What is the purpose of the events file anyway? Using cscope to find the function __device_add_disk() reveals that it calls disk_add_events(), and either “media_change” or “eject_request” may be written to the events file. Here, the kernel’s block layer is informing userspace about the appearance and disappearance of the “disk.” Consider how quickly informative this method of investigating how USB stick insertion works is compared to trying to figure out the process solely from the source.
Read-only root filesystems make embedded devices possible:::
Assuredly, no one shuts down a server or desktop system by pulling out the power plug. Why? Because mounted filesystems on the physical storage devices may have pending writes, and the data structures that record their state may become out of sync with what is written on the storage. When that happens, system owners will have to wait at next boot for the fsck filesystem-recovery tool to run and, in the worst case, will actually lose data.
Yet, aficionados will have heard that many IoT and embedded devices like routers, thermostats, and automobiles now run Linux. Many of these devices almost entirely lack a user interface, and there’s no way to “unboot” them cleanly. Consider jump-starting a car with a dead battery where the power to the Linux-running head unit goes up and down repeatedly. How is it that the system boots without a long fsck when the engine finally starts running? The answer is that embedded devices rely on a read-only root fileystem (ro-rootfs for short).
ro-rootfs are why embedded systems don’t frequently need to fsck. Credit (with permission): https://tinyurl.com/yxoauoub
A ro-rootfs offers many advantages that are less obvious than incorruptibility. One is that malware cannot write to /usr or /lib if no Linux process can write there. Another is that a largely immutable filesystem is critical for field support of remote devices, as support personnel possess local systems that are nominally identical to those in the field. Perhaps the most important (but also most subtle) advantage is that ro-rootfs forces developers to decide during a project’s design phase which system objects will be immutable. Dealing with ro-rootfs may often be inconvenient or even painful, as const variables in programming languages often are, but the benefits easily repay the extra overhead.
Creating a read-only rootfs does require some additional amount of effort for embedded developers, and that’s where VFS comes in. Linux needs files in /var to be writable, and in addition, many popular applications that embedded systems run will try to create configuration dot-files in $HOME. One solution for configuration files in the home directory is typically to pregenerate them and build them into the rootfs. For /var, one approach is to mount it on a separate writable partition while / itself is mounted as read-only. Using bind or overlay mounts is another popular alternative.

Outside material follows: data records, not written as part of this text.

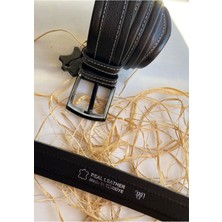 RSE Leather Goods Rse Leather Goods Deri Dikiş Desenli Erkek Kemer 4,5cm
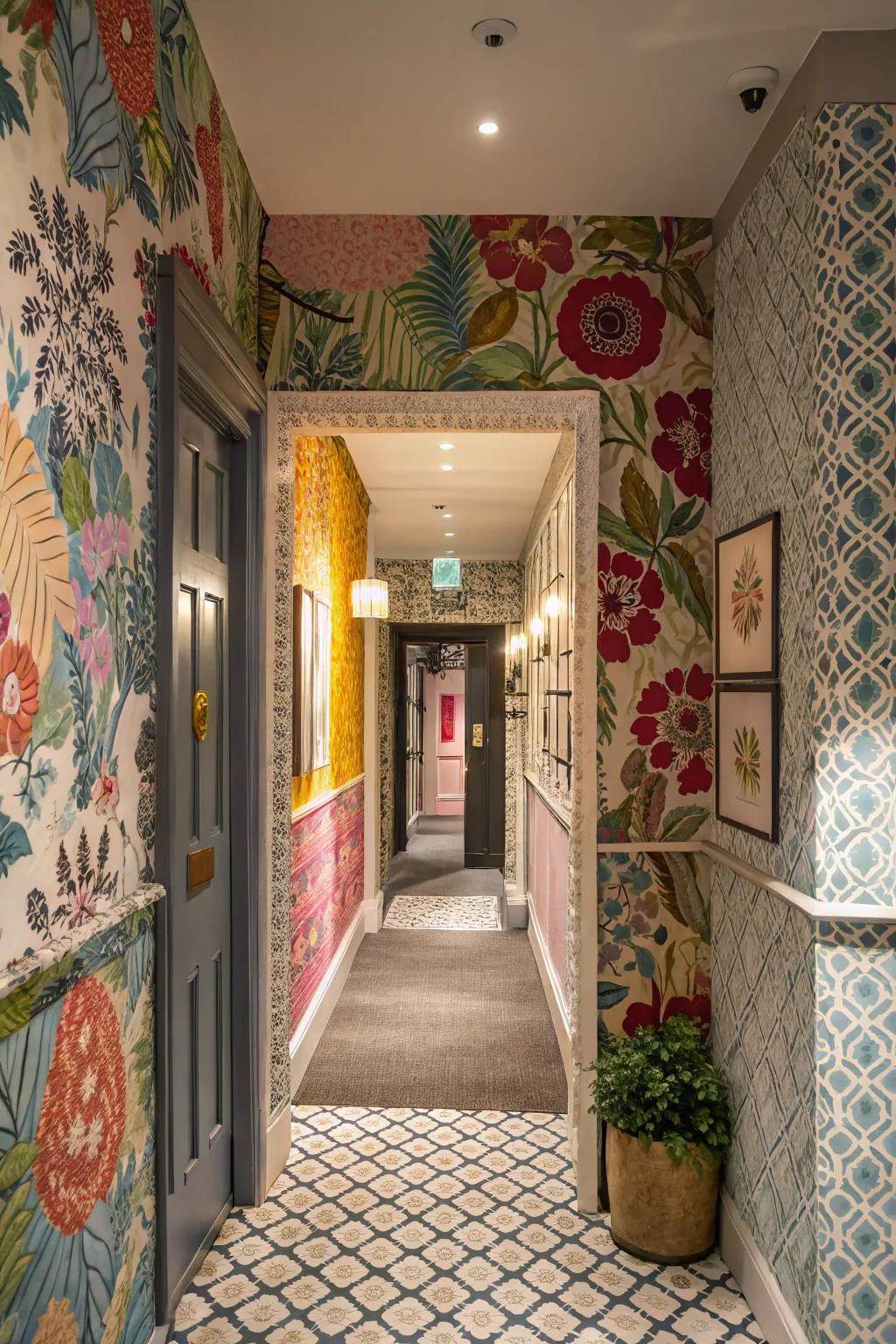 An eclectic mix of patterns creates a unique and intriguing space.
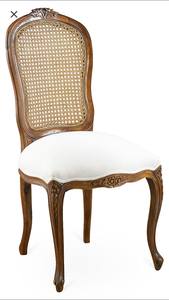 Modern Wood <b>Dining</b> <b>Chair</b> with Caned Back and Upholstered Fabric Seat-Durable Design for Home Restaurant & Hotel Use - Product Image 1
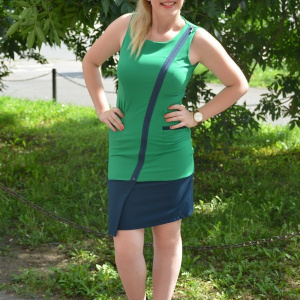 Rochie casual de primavara-vara, de culoare verde-bleumarin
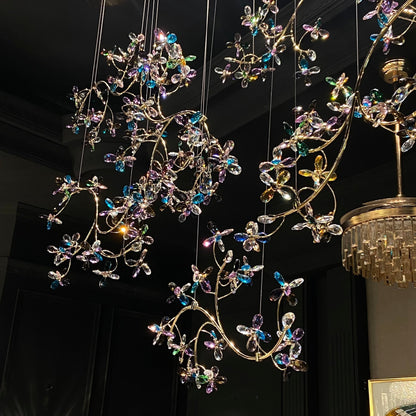 Exquisite Crystal Flower Branch Chandelier for Hotel Foyer and Entryway Ceiling Lighting Fixture - Zelno Lighting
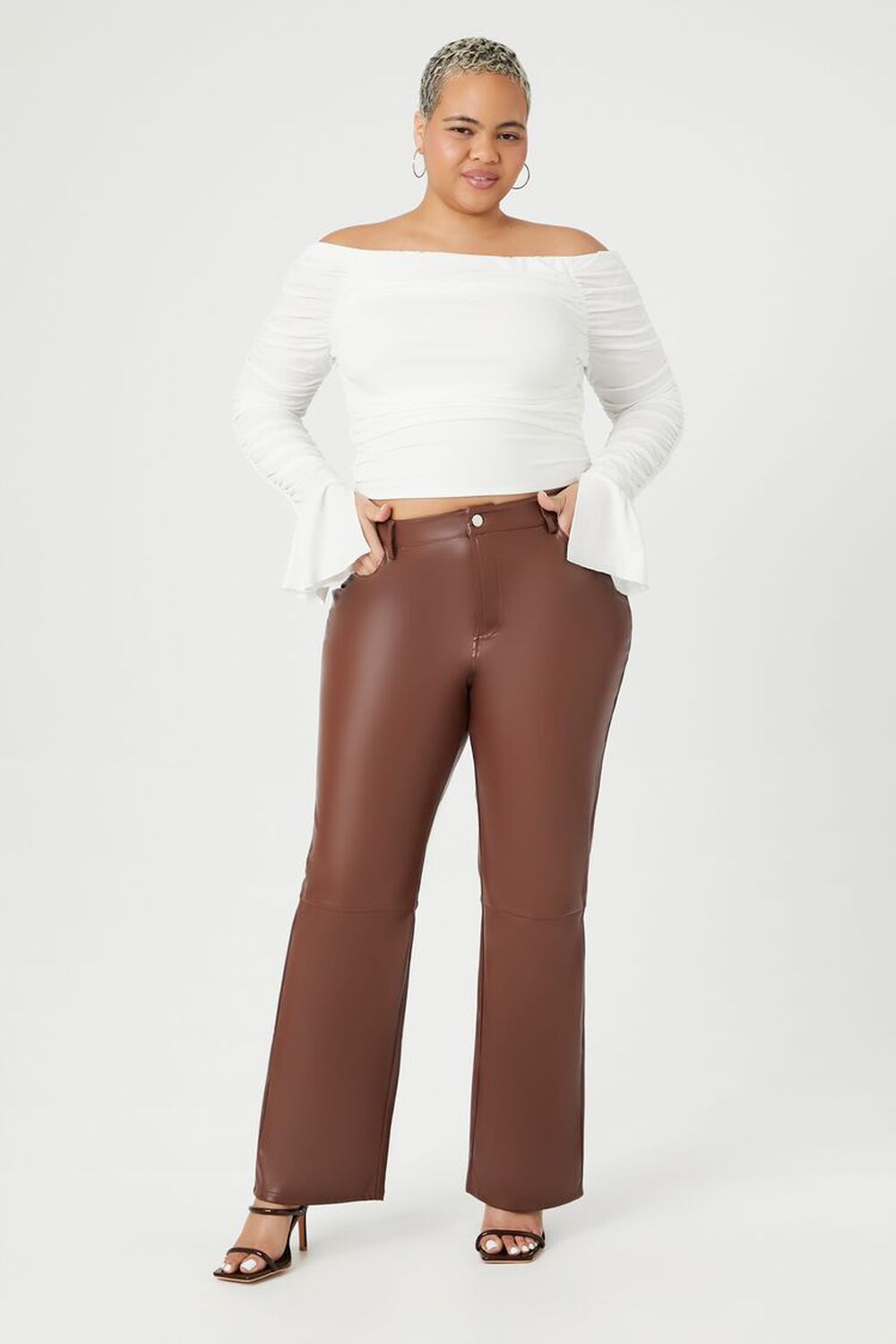 Plus Size Faux Leather Straight Pants FOREVER21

Bind and overlay mounts and their use by containers:::
Running man mount is the best place to learn about bind and overlay mounts, which give embedded developers and system administrators the power to create a filesystem in one path location and then provide it to applications at a second one. For embedded systems, the implication is that it’s possible to store the files in /var on an unwritable flash device but overlay- or bind-mount a path in a tmpfs onto the /var path at boot so that applications can scrawl there to their heart’s delight. At next power-on, the changes in /var will be gone. Overlay mounts provide a union between the tmpfs and the underlying filesystem and allow apparent modification to an existing file in a ro-rootfs, while bind mounts can make new empty tmpfs directories show up as writable at ro-rootfs paths. While overlayfs is a proper filesystem type, bind mounts are implemented by the VFS namespace facility.
Based on the description of overlay and bind mounts, no one will be surprised that Linux containers make heavy use of them. Let’s spy on what happens when we employ systemd-nspawn to start up a container by running bcc’s mountsnoop tool:
The system-nspawn invocation fires up the container while mountsnoop.py runs.
And let’s see what happened:
Running mountsnoop during the container “boot” reveals that the container runtime relies heavily on bind mounts. (Only the beginning of the lengthy output is displayed)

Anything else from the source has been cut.